26. In consequence of the displacement of the waters, the grounds which produced these masses of vegetation were many times submerged, covered again with terrestrial sediment, during which those which had become dry appeared in their turn with a similar vegetation; thus there were many successive generations of vegetables destroyed and renewed again. The animals being aquatic suffered nothing from these changes.

These remains accumulated during a long series of years, and formed beds of great thickness. Under the actions of heat, of humidity, of pressure, exercised by subsequent terrestrial deposits, and, without doubt, also various chemical agents, such as gas, acids, and salts, products of a combination of primitive elements, these vegetable substances were submitted to a fermentation converting them into coal. The coal-mines are, then, the direct result of the decomposition of a mass of vegetables accumulated during the transition period. That is why they are found in almost every country. *

* Turf is produced in the same manner by the decomposition of vegetable matter in marshy grounds; but with this difference, being much more recent and formed under different conditions, it has not had time to carbonize.

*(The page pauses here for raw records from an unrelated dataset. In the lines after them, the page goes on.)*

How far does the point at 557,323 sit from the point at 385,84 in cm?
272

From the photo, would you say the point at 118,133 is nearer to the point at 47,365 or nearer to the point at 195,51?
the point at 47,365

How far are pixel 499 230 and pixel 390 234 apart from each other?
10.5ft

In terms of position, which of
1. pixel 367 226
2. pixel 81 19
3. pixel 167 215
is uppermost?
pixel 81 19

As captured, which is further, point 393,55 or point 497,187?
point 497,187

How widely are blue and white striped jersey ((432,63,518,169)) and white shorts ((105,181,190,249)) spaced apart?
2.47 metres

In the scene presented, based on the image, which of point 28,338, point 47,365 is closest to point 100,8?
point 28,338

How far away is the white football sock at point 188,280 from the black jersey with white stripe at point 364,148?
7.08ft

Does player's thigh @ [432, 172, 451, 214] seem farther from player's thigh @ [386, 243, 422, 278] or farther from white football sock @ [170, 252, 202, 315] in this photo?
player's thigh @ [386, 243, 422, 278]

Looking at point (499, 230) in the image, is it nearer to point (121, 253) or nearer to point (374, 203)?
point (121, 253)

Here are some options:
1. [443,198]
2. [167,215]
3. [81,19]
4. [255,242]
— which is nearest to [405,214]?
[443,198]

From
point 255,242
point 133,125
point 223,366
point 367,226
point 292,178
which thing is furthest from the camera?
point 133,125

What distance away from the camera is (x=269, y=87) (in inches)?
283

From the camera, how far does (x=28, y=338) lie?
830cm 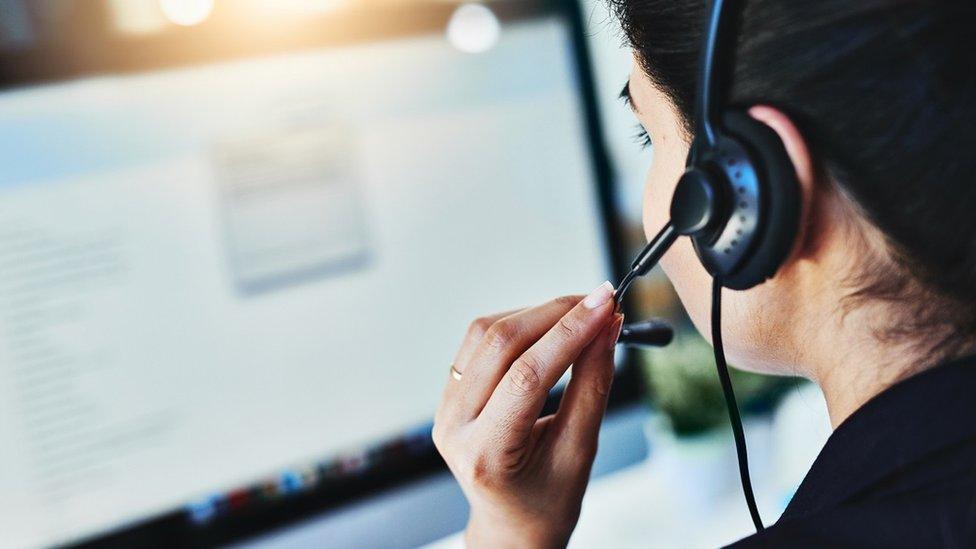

27. The fossil remains of the luxuriant vegetation of this epoch are being discovered today under the ice of the polar regions, as well as in the torrid zone: therefore it is necessary to conclude, that, since vegetation was uniform, the temperature also must have been equally so. The poles were then not covered with ice as now: then the Earth drew its heat from itself, from the central fire which equally heated all the solid bed, then too thin to offer to it successful resistance. This heat was much greater than that conveyed by the solar rays, enfeebled as they were by the density of the atmosphere. Later on, when the central heat could exert only a feeble influence upon the surface, that of the sun preponderate; and the Polar Regions, receiving only oblique rays giving very little heat, became covered with ice. One understands that at the epoch of which we speak, and for a long time after, ice was unknown upon the Earth.

This period has been a very long one, judging from the number and thickness of the coal-beds. *

* In the Bay of Fundy (Nova Scotia), M. Lyell found upon a coal-bed four hundred yards in thickness, sixty-eight different levels, presenting evident traces of many forest soils, the trunks of the trees of which were still garnished with their roots (L. Figuier). Supposing that it takes one thousand years to form each of these levels; it must have taken sixty-eight thousand years to form this coal-bed alone.